Kirsty Anantharajah*

*Corresponding author for this work

    Research output: Contribution to journalComment/debatepeer-review

    7 Citations (Scopus)

    Abstract

    This commentary explores the potential consequence of latent racial formation in emergent climate finance data projects and draws from ethnographic research on climate finance governance conducted in Fiji. Climate finance data projects emerging in the Pacific aim to ease the flow of finance from the Global North to the South. These emergent data projects, such as renewable energy resource availability and investment mapping, are imbedded in the climate finance organizations that fund, develop, and use them.
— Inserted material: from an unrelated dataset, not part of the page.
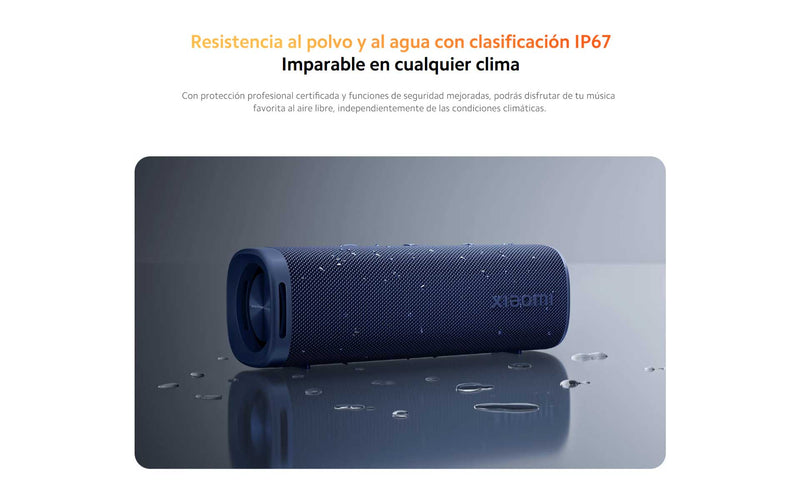 Parlante Xiaomi Sound Outdoor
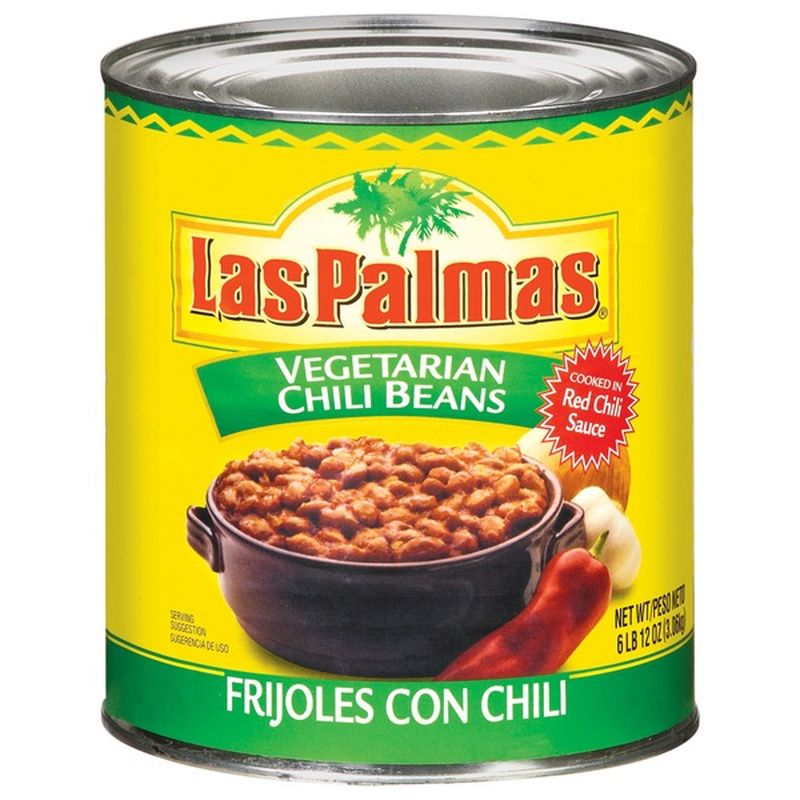 Las Palmas Vegetarian Chili Beans (10 lb) Instacart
Thus, the commentary explores climate finance organizations through the lens of Ray’s (2019) theory of racial organizations, highlighting the ways in which important climate-related resources are mediated through racial and colonial schemas. The racial mediation of two key resources are spotlighted in this discussion: the finance itself and knowledge. Given that the Pacific region is at the coalface of climate change’s existential effects, the just allocation of resources is imperative. In interrogating the ways in which emergent data projects may deny these resources based on hidden racial schemas, the paper cautions against new and old forms of colonization that may be mobilized through even well-meaning techno-benevolent fixes (Benjamin, 2019).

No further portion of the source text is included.